今日わが国では、どの宗派においてもこの不浄観が特別に修行されていると聞くことはありません。

江戸後期の学徳高き清僧・慈雲尊者の『慈雲尊者法語集(三密堂刊)』の中に「不淨觀」と題する法語があります。それによれば、当時既に不浄観を説く者も伝うる者もなく修する者も少なくなり、実に悲しむべき事だと尊者は述べられています。

尊者はここで不浄観の初門を説くとされて、
 (一)自身の姿形をよく見て身体の垢を見よ、垢を見て総身ことごとく不浄なることを知れ。

(二)身体の臭気を見よ、つまり、大小便、つば、痰、涙、肉、血、髄、膿など三十六の不浄物が臭く穢いものであることを知り、自分の身体に対する愛著を離れよ。

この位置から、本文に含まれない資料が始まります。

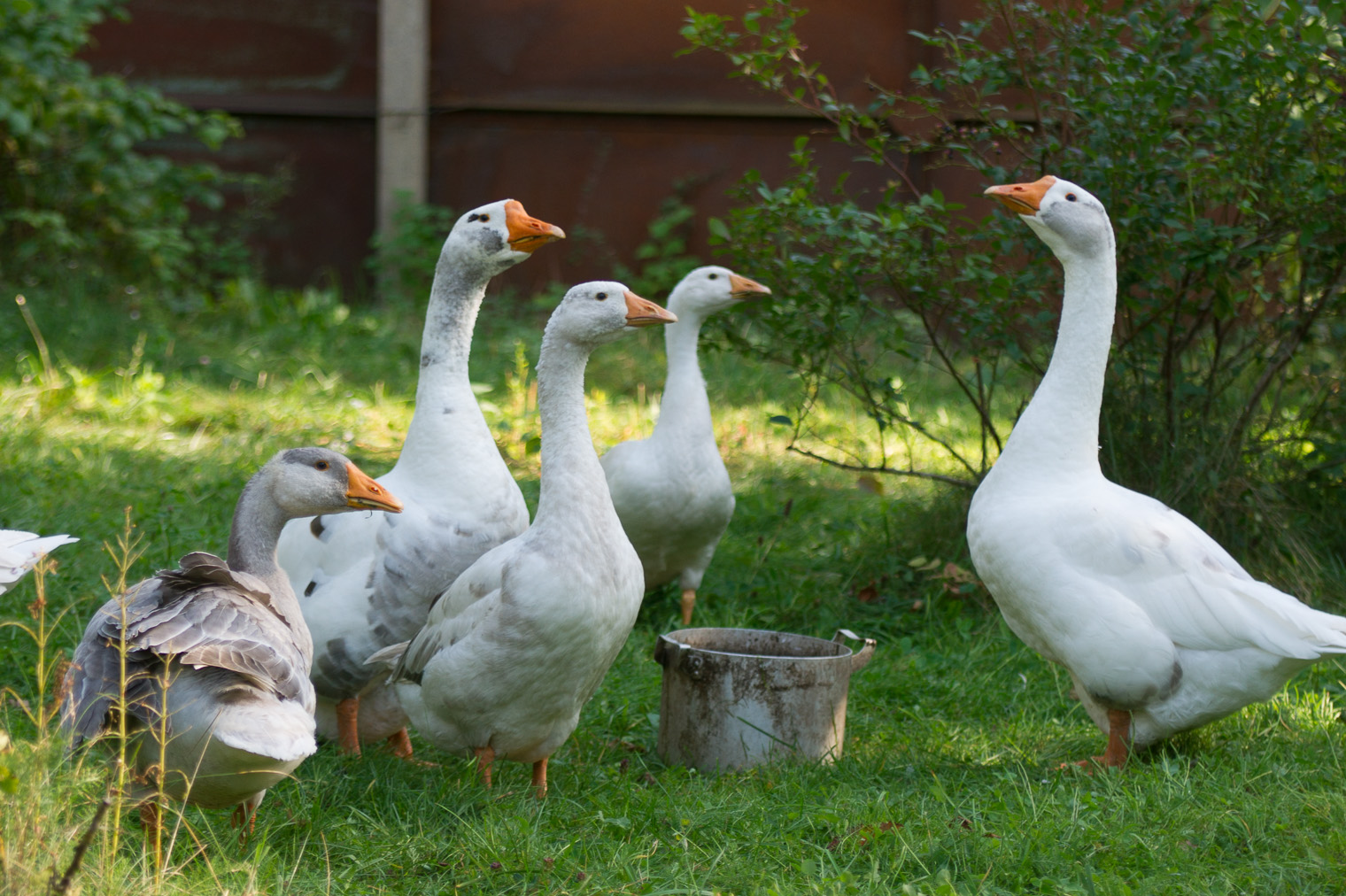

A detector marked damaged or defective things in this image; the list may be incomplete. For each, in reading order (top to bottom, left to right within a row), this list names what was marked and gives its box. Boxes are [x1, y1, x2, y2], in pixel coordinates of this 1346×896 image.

rusty bucket rim [656, 624, 855, 659]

 (三)他者に対するときはただ肉血に対するがごとく、容姿端麗なる人に対しても藁人形のごとく、みな単なる糞嚢のごとくと見て愛著を離れ、自分の身体も他者の身体もともにただの土塊に異ならないと知れ。

 (四)この初心の境界を徹見すると、愛著を離れ、瞋恚を離れ、驕慢を離れ、この時三宝に対して浄信が生ずる。最初から古人のごとくいかずとも、しだいに煩悩微薄となり、怒りの心もなくなり、怒りを顔に出すことも口にすることもなくなる。名利に走ることなく、名誉栄冠に心奪われることもない。このように尊者は不浄観を教えられています。

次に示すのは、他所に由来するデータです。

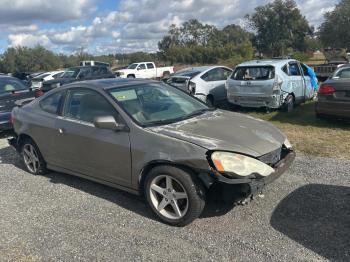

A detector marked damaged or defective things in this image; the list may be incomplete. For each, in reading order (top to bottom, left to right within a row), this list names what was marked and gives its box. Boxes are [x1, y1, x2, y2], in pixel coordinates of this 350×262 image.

crumpled hood [148, 109, 288, 157]
damaged front bumper [208, 150, 296, 195]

慈雲尊者は、この法語の冒頭で、お釈迦様在世の折、不浄観を修した比丘が、死臭ただよう身を厭い、早く死にたくなり、他者に殺させたという事例をあげており、そうした悪弊をおそれてか、ここでは死体を観想するといった不浄観には言及していません。

因みに、日本では『大智度論』『倶舎論』などを典拠に、不浄観は九想(相)観として修されてきたようです。がここでは、南方上座仏教に伝わる不浄観を見てみましょう。

十不浄

五世紀中頃セイロンでブッダゴーサによって著された『清浄道論』(南伝大蔵経第六二巻)によれば、不浄観は「十不浄業處(十種類の不浄なる瞑想の対象)」として説かれています。

「十不浄」とは、死体が次第に変化していく様子を左記のような段階に応じて観察し、人間の肉体は不浄なものであると観て愛欲を遠離するための瞑想法です。

 (一)膨脹相・寿命が尽きて数日経ち、しだいに皮膚が膨張した死体を観想する。

 (二)青お相・皮膚が青くなり膿んで白くなった死体を観想する。

 (三)膿爛相・皮膚やぶれ膿が流れ出ている様子などを観想する。

 (四)断壊相・戦場などで切られたり、獅子や虎によって喰い裂かれた死体の切断された様子を観想する。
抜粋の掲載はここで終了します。